If he is still eating heartily then i`d just leave him be.
If however his scales start to distend and has a lack of appetite then i would euthanize .

Eruptions to the skin are common in old fish as their immune system is starting to break down.However i`m a great believer that if a fish is eating well then they should be allowed to carry on with their lives.


----------



## Christie_ZXR (May 14, 2011)

Hate to say it hun, but it could be old age  some are up to a year old when sold, but if your little guy was tiny when you got him, then hopefully not. Just be prepared just incase  
My best advice short of finding a specialist vet and spending a lot of money would be to keep on top of the water changes, make sure the water is always pristine and keep an eye out for any signs that he's in pain, or not eating before thinking about euthanasia at all.

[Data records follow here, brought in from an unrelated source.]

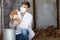 Veterinarian in mask holding brown chicken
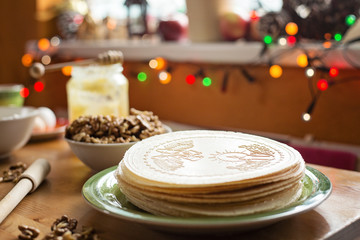 Christmas wafers placed on a wooden kitchen table, on a green plate next to a window. Wafers are round, cream color, surrounded by ingredients
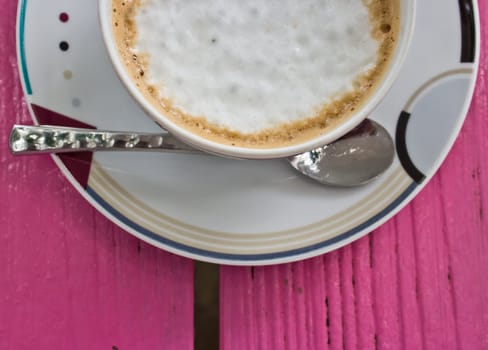 Coffee cup on the table.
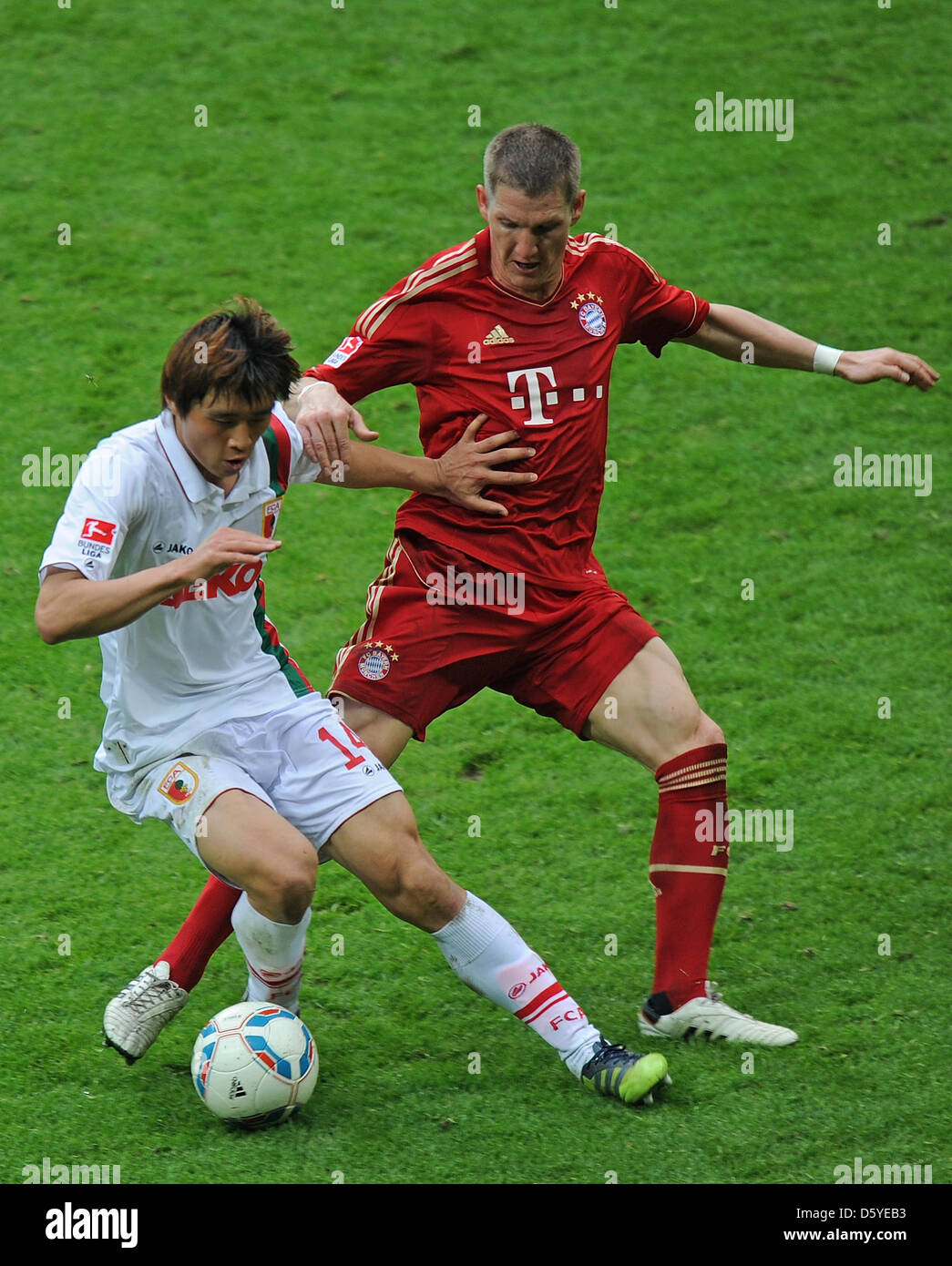 Munich's Bastian Schweinsteiger (R) vies for the ball with Augsburg's Ja-Cheol Koo during the German Bundesliga match between FC Bayern Munich and FC Augsburg at Allianz Arena in Munich, Germany, 07 April 2012. Munich won the match 2-1. Photo: MARC MUELLER (ATTENTION: EMBARGO CONDITIONS! The DFL permits the further utilisation of the pictures in IPTV, mobile services and other new  Stock Photo
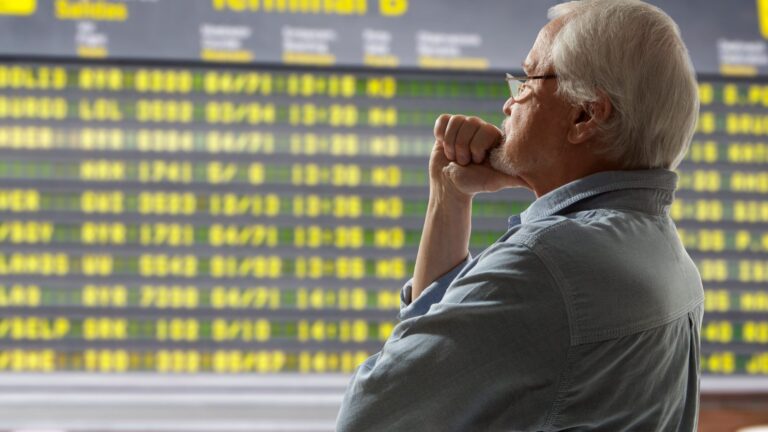 An older man in glasses gazes thoughtfully at a large airport departure board with yellow flight information.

Do you keep an almond leaf in with him? they have great antibacterial properties and are just good for betta in general. Melafix and pimafix are herbal, so much gentler on the the system if you do want to medicate. But they leave an oily film on the surface, so I'm dubious about using them for betta tbh. Some places say use half doses and it's fine, so you might want to research them and see what you think. I use waterlife's myaxzin or protozin on mine if they catch anything, but I wouldn't use them unless you can find out what it is, they aren't gentle meds at all. 
I can't help with what the lump is I'm afraid, I've never seen anything like it on any of my betta. The only thing I can think of is he's bumped himself and got it infected, but that's really just a guess I'm afraid.
Good luck!


----------



## spinnin_tom (Apr 20, 2011)

+1 on the water changes, indian almond leaves and distended stomach. being like he is, it will be more vulnerable to drospy and any other condition caused by even the slightest ammonia spikes tec


----------



## Snailgirl (Sep 29, 2008)

Thanks for the help guys. His fins are looking a bit clamped today. Will try and keep him as comfortable and healthy as possible until he stops eating.


----------



## Christie_ZXR (May 14, 2011)

Good luck with him! Keeping him comfy is defo the best thing to do 

I know it's horrid, but if you think he is suffering in the future, you're welcome to pm me and I can find you a really good article I have on euthanasia.


----------



## Snailgirl (Sep 29, 2008)

Thanks for the support  Doing twice weekly WCs, just bought him some frozen bloodworms and ordered some indian almond leaves. He's still eating like a pig


----------



## Christie_ZXR (May 14, 2011)

Brill 
I use the leaves in halves or 1/4s depending on the size of the tank. Make sure you give them a rinse first too, depending on where you got them they sometimes need it.


----------



## HABU (Mar 21, 2007)

i use garlic sometimes for things...


----------



## Snailgirl (Sep 29, 2008)

Christie_ZXR said:


> Brill
> I use the leaves in halves or 1/4s depending on the size of the tank. Make sure you give them a rinse first too, depending on where you got them they sometimes need it.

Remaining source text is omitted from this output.